In January 2016, the Tehran Cycling Board, affiliated to the Cycling Federation of Iran, announced that 120 bike-sharing stations would be set up across the capital as part of the initiative known as “Smart Bike Program” under the auspices of Tehran Municipality’s transport and traffic department.

A bike-sharing system in which bicycles are made available (normally at very low cost) to people on short-term basis, allows people to borrow a bike from point A (a storage hub) and return it at point B.

Omid Seraji, board director, said 200 billion rials ($5 million) was allocated to upgrade or purchase smart bicycles (with GPS and locking systems) for the program by the Tehran City Council, as reported by ISNA.

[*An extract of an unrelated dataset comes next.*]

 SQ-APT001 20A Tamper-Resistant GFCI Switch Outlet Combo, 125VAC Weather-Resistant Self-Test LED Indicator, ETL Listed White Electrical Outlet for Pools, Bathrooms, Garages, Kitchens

To encourage bicycles as a mode of transport in the bigger cities like Tehran, Mashhad and Yazd, as part of the clean commute drive, bicycle lending centers were constructed at education centers and in travel zones.

Although the stations have been set up at busy intersections in Tehran (and the other cities), the project never really took off and the bikes just remained a showpiece as few people chose to commute by bicycles.

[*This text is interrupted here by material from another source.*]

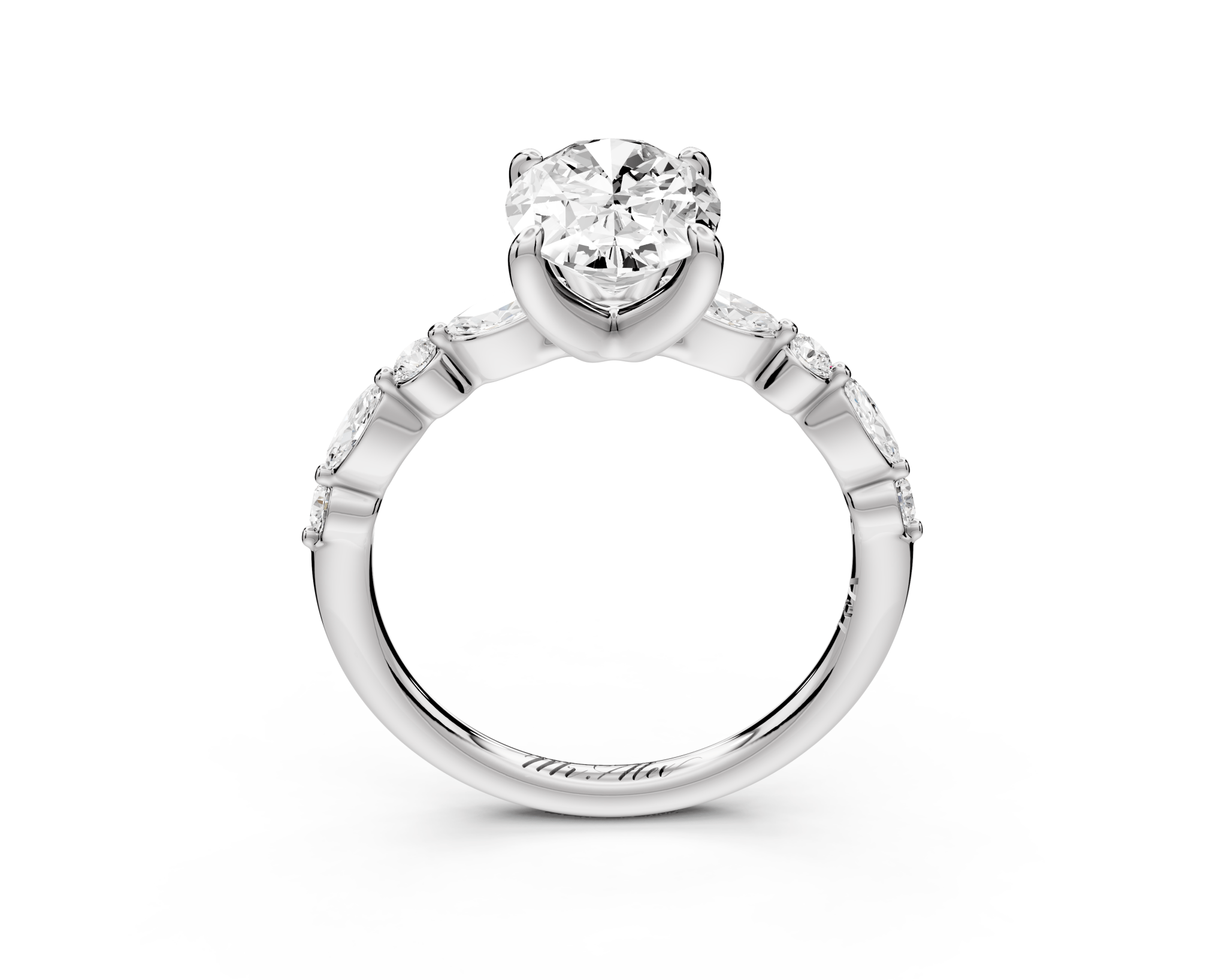 Oval Cut Diamond Engagement Ring with Side Accents (AJ107O) - Mr. Alex Jewelry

In Tehran, 50 terminals were set up across the city mostly in crowded downtown areas and near interchange subway stations and tourist sites that offer a total of 7,000 gearless bicycles. The stations are still situated at several main city squares including 7-e-Tir, Tohid, Enqelab, and Azadi.

However, the system seemed to have failed to bring about the desired results as there were also a number of shortcomings in the scheme in terms of returning and retrieval of the bikes.

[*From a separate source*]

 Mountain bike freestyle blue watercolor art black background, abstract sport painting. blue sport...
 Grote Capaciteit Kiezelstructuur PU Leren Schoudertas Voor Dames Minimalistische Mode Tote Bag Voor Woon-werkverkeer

The only city that seems to have succeeded somewhat in using bicycles as a means of regular transport is the central Iranian city of Isfahan, known as the country’s cycling capital.

Only bicycles are allowed to ply some of the city’s main roads during certain hours of the day. Isfahan’s local politicians as well as city councilors are also famous for using bicycle as a means of transport.

   Promises Unfulfilled

Deputy Head of Tehran Transport and Traffic Department, Jafar Tashakkori Hashemi had promised in October 2014 that his department was looking to construct bike racks instead of bicycle lending centers across the city, IRNA reported at the time. But that promise, too, does not seem to have been kept.

Bike racks are more efficient because within this system, bicycle users normally use a subscription system where a bike is rented via a mobile phone call or the mobile app, which provides the locking code and times the usage. The system eliminates the need for returning the bike to a particular station (in exchange for personal ID) and the bike can be left at any docking station across the city using the locking code generated by the mobile phone app.

While many people in the big overcrowded cities spend  hours stuck in traffic jams, using bicycles is good for people’s physical and psychological health and also less stressful in the crowded streets.

A few years ago, to find out which cities provide cyclists with better services and amenities, a study was conducted on the directive of a bicycle company located in the Danish capital, Copenhagen, to rank the world’s metropolises in terms of their degree of commitment to developing and implementing bicycle-friendly policies.

The results of the study showed that only three non-European cities ranked among the world’s top 20 best metropolises for cyclists while Iranian cities were not even among the world’s top 100 cities in this regard.